Mitotic chromosome condensation resets chromatin to safeguard transcriptional homeostasis during interphase

Abstract

Mitotic entry correlates with the condensation of the chromosomes, changes in histone modifications, exclusion of transcription factors from DNA, and the broad downregulation of transcription. However, whether mitotic condensation influences transcription in the subsequent interphase is unknown. Here, we show that preventing one chromosome to condense during mitosis causes it to fail resetting of transcription. Rather, in the following interphase, the affected chromosome contains unusually high levels of the transcription machinery, resulting in abnormally high expression levels of genes in cis, including various transcription factors. This subsequently causes the activation of inducible transcriptional programs in trans, such as the GAL genes, even in the absence of the relevant stimuli.
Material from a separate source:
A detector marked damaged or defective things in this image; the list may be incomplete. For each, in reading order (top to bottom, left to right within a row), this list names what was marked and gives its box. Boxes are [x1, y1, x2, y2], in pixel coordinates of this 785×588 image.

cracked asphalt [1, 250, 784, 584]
Thus, mitotic chromosome condensation exerts stringent control on interphase gene expression to ensure the maintenance of basic cellular functions and cell identity across cell divisions. Together, our study identifies the maintenance of transcriptional homeostasis during interphase as an unexpected function of mitosis and mitotic chromosome condensation.
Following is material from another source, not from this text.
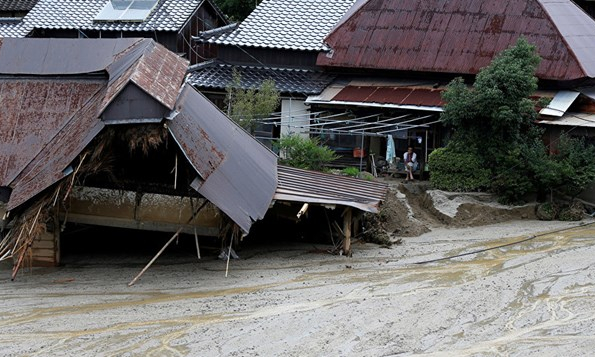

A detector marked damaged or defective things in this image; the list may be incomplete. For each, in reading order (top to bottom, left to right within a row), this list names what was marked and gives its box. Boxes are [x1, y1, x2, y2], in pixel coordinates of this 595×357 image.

rusty metal roof [322, 0, 595, 80]
rusty metal roof [0, 39, 189, 210]
rusty metal roof [169, 84, 278, 234]
rusty metal roof [276, 165, 388, 213]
Keywords: cell cycle; chromatin; chromosomes; mitosis; transcription.

Fig. 1.

Failure to achieve mitotic chromosome condensation results in general upregulation of gene expression in cis. (A) The centromere excision assay. (B) RNAseq assessment of gene expression at each chromosome and at different time points after CEN4* excision. (C) RNAseq assessment of gene expression at each chromosome 180 min after CEN4* excision in CEN4* and CEN4* H3S10D cells.

Fig. 2.

Centromere loss triggers chromatin relaxation in cis. H4K12ac (A) and H4K16ac (C) occurrence at each chromosome and at different time points after CEN4* excision. Metagene analysis of the top 20% ChIP signals showing increasing presence of H4K12ac (B) and H4K16ac (D) at chromosome IV genes and decreasing presence at genes on other chromosomes after centromere excision (see SI Appendix, Fig. S9 for metagenes of 100% of ChIP signals). (E) ATACseq experiments showing chromatin accessibility at time points 0 min (Upper) and 180 min (Lower) at each chromosome after CEN4* excision in CEN4* and in CEN4 cells. Each chromosome is represented using a dedicated color. y axis: chromosome coordinates. Each dot corresponds to bin of 10 Kb of chromosomal DNA.

Fig. 3.

Lack of mitotic condensation triggers spontaneous transcriptional initiation. Assessment of H3K4me3 (A), Pol II (C), Pol II CTD-S5p (E), and Pol II CTD-S2p (G) occurrence using ChIPseq at each chromosome and at different time points after CEN4* excision. Metagene analysis of the top 20% ChIP signals shows increasing presence of H3K4me3 (B), Pol II (D), Pol II CTD-S5p (F), and Pol II CTD-S2p (H) at chromosome IV genes and a decrease at other chromosomes after centromere excision.

Fig. 4.

Failure to condense chromatin at mitotic entry results in general upregulation of gene expression during interphase. (A) Layout of CEN4* excision in S-phase arrest and release experiments. (B) RT-qPCR analysis of the expression of five selected genes from chromosome IV at different time points before and after S-phase arrest and release. *P values < 0.05; **P values < 0.01. (C) Analysis of the cell cycle using flow cytometry performed with the cells indicated in B.

Fig. 5.

Centromere excision has no effect on gene expression in cells arrested in G1 and M phases. (A) Layout of CEN4* excision in G1-phase arrest experiments (Left). RT-qPCR analysis of the expression of six selected genes from chromosome IV at different time points before and after G1-phase arrest (Right). *P values < 0.05. (B) Analysis of the cell cycle using flow cytometry performed with the cells indicated in A. (C) Layout of CEN4* excision in M-phase arrest experiments (Left). RT-qPCR analysis of the expression of six selected genes from chromosome IV at different time points before and after M-phase arrest (Right). *P values < 0.05. (D) Analysis of the cell cycle using flow cytometry performed with the cells indicated in C.